- WORK INSTRUCTION
Read the records below. Copy each line where the string "then" occurs.

===== DATA PROVIDED =====

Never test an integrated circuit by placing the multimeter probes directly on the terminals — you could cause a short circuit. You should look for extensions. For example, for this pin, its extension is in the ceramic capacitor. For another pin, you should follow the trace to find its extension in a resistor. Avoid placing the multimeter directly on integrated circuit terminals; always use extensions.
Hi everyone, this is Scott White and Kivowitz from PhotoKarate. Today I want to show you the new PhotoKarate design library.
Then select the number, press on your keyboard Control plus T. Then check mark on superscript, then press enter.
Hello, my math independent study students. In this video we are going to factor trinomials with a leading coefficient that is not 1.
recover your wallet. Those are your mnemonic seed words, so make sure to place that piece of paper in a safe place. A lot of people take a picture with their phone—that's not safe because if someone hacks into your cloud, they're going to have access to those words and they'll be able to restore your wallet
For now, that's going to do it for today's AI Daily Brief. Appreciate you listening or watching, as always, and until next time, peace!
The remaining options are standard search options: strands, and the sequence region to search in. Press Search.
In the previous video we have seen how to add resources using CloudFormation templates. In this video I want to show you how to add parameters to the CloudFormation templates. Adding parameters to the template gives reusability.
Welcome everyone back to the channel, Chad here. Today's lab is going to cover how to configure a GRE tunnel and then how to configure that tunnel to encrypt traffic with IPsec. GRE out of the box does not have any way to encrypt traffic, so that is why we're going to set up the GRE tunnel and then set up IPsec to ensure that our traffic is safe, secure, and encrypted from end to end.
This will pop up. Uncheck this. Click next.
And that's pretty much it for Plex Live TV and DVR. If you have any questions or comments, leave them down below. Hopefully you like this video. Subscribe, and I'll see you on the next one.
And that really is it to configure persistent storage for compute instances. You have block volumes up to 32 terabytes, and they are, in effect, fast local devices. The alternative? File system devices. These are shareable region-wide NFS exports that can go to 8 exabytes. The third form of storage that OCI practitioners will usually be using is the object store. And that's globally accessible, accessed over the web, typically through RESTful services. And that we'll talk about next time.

=====

- THE ANSWER
Then select the number, press on your keyboard Control plus T. Then check mark on superscript, then press enter.
Welcome everyone back to the channel, Chad here. Today's lab is going to cover how to configure a GRE tunnel and then how to configure that tunnel to encrypt traffic with IPsec. GRE out of the box does not have any way to encrypt traffic, so that is why we're going to set up the GRE tunnel and then set up IPsec to ensure that our traffic is safe, secure, and encrypted from end to end.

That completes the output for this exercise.